By default, Cloud Run services cannot reach resources inside a VPC, such as a Cloud SQL instance on a private IP or a Redis cache. To access private VPC resources, configure Serverless VPC Access.

Common beginner mistakes

  1. Storing state on the container’s local filesystem. Cloud Run instances are ephemeral. Any file written to the local filesystem is gone when the instance stops. Use Cloud Storage for files and Cloud SQL or Firestore for database data.

  2. Ignoring cold starts for latency-sensitive services. When traffic drops to zero, the next request waits for a new instance to start. This is measured in seconds for a cold container, not milliseconds. Set minimum instances to 1 if the first request of the day must be fast.

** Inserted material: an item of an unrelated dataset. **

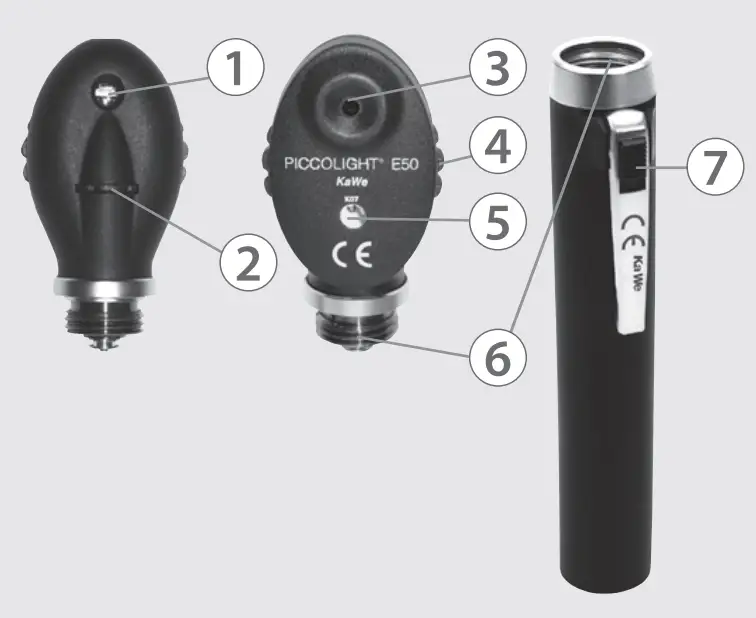 KaWe Eurolight E10 Ophthalmoscopes - FIGURE 4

  3. Not understanding public vs authenticated access. Cloud Run requires a valid Google identity token by default. A public website or API returns HTTP 403 to anonymous visitors until you explicitly set —allow-unauthenticated. Conversely, do not set that flag on an internal service that should not be publicly accessible.

  4. Using Cloud Run for indefinite background processes. Cloud Run services are HTTP servers. A background worker with no incoming requests, or a job running longer than 3600 seconds, needs Cloud Run Jobs, Cloud Batch, or a Compute Engine VM.

  5. Deploying bloated container images that start slowly. Cold start time is directly proportional to image size and startup logic. Avoid large base images, unused packages, and expensive initialisation work at startup. Keep images lean and defer non-essential setup until after the server is ready to accept requests.

Frequently asked questions

What is Cloud Run used for?

Cloud Run is used for stateless HTTP workloads: REST APIs, web apps, webhooks, internal tools, and lightweight microservices. It handles variable traffic well, scaling up when load increases and down to zero when idle. It is a good fit whenever you want to run a containerised app without managing servers, VMs, or load balancers.

Is Cloud Run the same as Cloud Functions?

No. Cloud Run runs a container image you build and control. You define the runtime, the web framework, and all dependencies. Cloud Functions is a functions-as-a-service product where you write a single function and Google handles the rest. Cloud Run gives more control and is better for full applications. Cloud Functions is simpler for small, single-purpose event handlers.

Does Cloud Run need Docker?

Cloud Run needs a container image, which is most commonly built with Docker. You write a Dockerfile, build the image, push it to Artifact Registry, and deploy it to Cloud Run. You can also use Cloud Build to build images without installing Docker locally. The container must listen on the PORT environment variable that Cloud Run sets.

When should I use Cloud Run instead of Compute Engine?

Use Cloud Run when your workload is HTTP-driven, stateless, and has variable or unpredictable traffic. Cloud Run removes all VM management and scales to zero at no cost. Use Compute Engine when you need persistent local state, GPU access, custom kernel modules, a long-running daemon with no HTTP entrypoint, or requests exceeding 3600 seconds. For stateless APIs and web apps, Cloud Run is almost always the simpler and cheaper choice.

Can Cloud Run run background jobs?

Not with Cloud Run services, which are HTTP servers. For batch work with a defined start and end, use Cloud Run Jobs. You deploy the same kind of container but it runs to completion rather than waiting for HTTP requests. For indefinitely running background workers, use a Compute Engine VM or a GKE workload. Cloud Run Jobs can be triggered manually, on a schedule with Cloud Scheduler, or from Workflows.

Last verified: 22 March 2026 Cloud services change frequently. Verify details against official documentation before making infrastructure decisions.